The mayor of San Francisco is Pro EV and his opportunity having leased a
GM EV I'm sure influenced this.
The City has fitted a dozen public charging stations in the city. With
several more in private settings.
For me personally this is the golden age of EV driving.
The decision of the major car makers and CARB breaks my heart.
One can only wonder what will happen to the existing and future EV
charging infrastructures.
Danny Ames...
Bruce EVangel Parmenter wrote:
>
> EVLN(Billed as cars of the future, now they're gone)

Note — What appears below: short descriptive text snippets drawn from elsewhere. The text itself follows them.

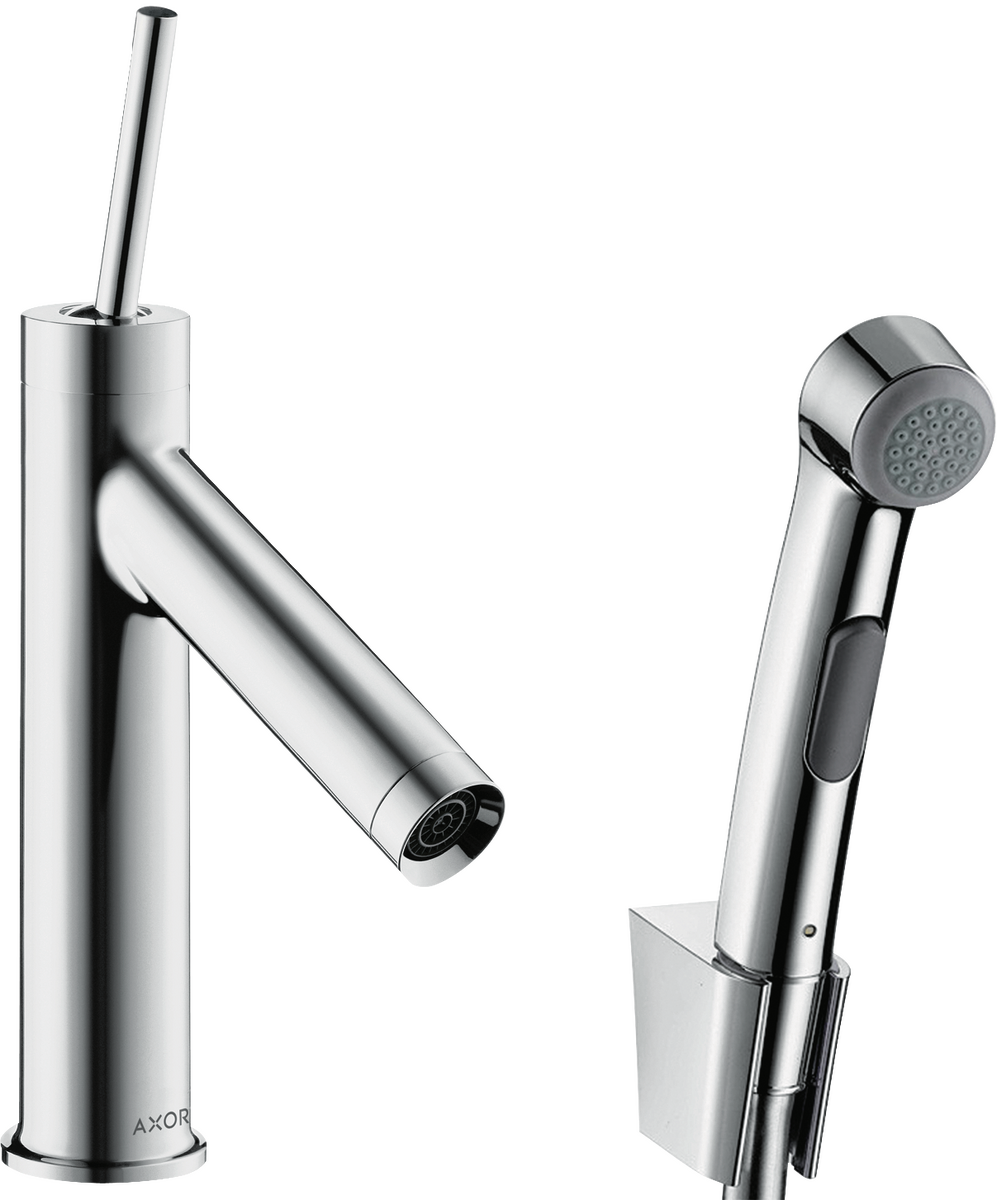 HANSGROHE AXOR Starck Einhebel-Waschtischmischer 90 mit Bidette Handbrause und Brauseschlauch 1,60 m #10300000 - Chrom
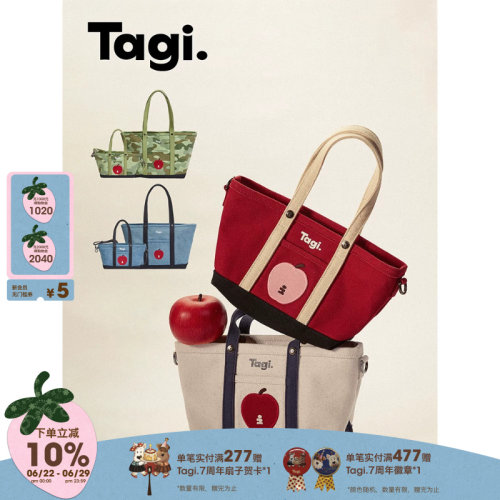 Tagi.单肩包帆布托特手提斜挎包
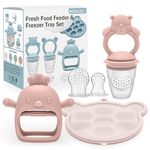 3 Pack Baby Fruit Food Feeder & Freezer Tray Set and Silicone Teething Toy for Babies, BPA Free Infant Teething Relief Toy for 3+ Months, Additional Silicone Sacs - Bear Pink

> [The Internet Electric Vehicle List News. For Public EV
> informational purposes. Contact publication for reprint rights.]
> --- {EVangel}
> http://www.prospect-magazine.co.uk/ArticleViewT7.asp?Accessible=yes&P_Article=11772
> Is the clean car coming? February 2003 Philip Ball
>
> Despite recent setbacks, the battle to break the monopoly of
> the internal combustion engine is still on. Battery driven
> cars are out of favour but fuel cell cars and hybrids -
> combining normal engines with batteries - will be widely
> used in ten years
>
> It's not often that you find environmentalists protesting
> about a company's refusal to manufacture a car. But the
> placards outside the Ford offices in San Francisco last
> October denounced the company's decision to ditch the Th!nk
> City model. Following its unveiling in Europe in 2000, it
> was introduced to the US in a flurry of Los Angeles glitz in
> January 2002-only to be discontinued months later.
>
> The Th!nk City runs for only 53 miles at a stretch, with a
> top speed of around 56 mph. But the car is all-electric: it
> needs no petrol and produces no pollution. It was once
> billed as the car of the future; now it is a has-been that
> never really was.
>
> This is the latest in a series of recent blows to the
> electric-vehicle (EV) industry. General Motors has stopped
> producing its flagship model, the EV1. Meanwhile, GM and
> DaimlerChysler (who, along with Ford, constitute the "big
> three" US car manufacturers) teamed up with other automobile
> companies to take out a lawsuit against the state of
> California's "zero-emission vehicle" policy, which
> stipulates that from 2003, 2 per cent of all vehicles sold
> in the state should emit no polluting exhaust gases, and 8
> per cent should be close to zero emission.
>
> Despite the Californian ruling, there are few full-feature
> models available to US consumers. One is the Toyota
> RAV4-EV-of which under 400 had been sold to date. The
> manufacturers say that there just isn't the demand. Around
> 1.5m new vehicles are bought every year in California alone,
> but there are only 5,000 or so electric cars on the state's
> roads. EV enthusiasts, however, claim that companies aren't
> really interested in selling them. The number of "clean
> cars" of all types on the roads is no more than, roughly,
> 45,000 in the US and 20,000 in Europe.
>
> Why does the challenge to produce a clean car exist at all?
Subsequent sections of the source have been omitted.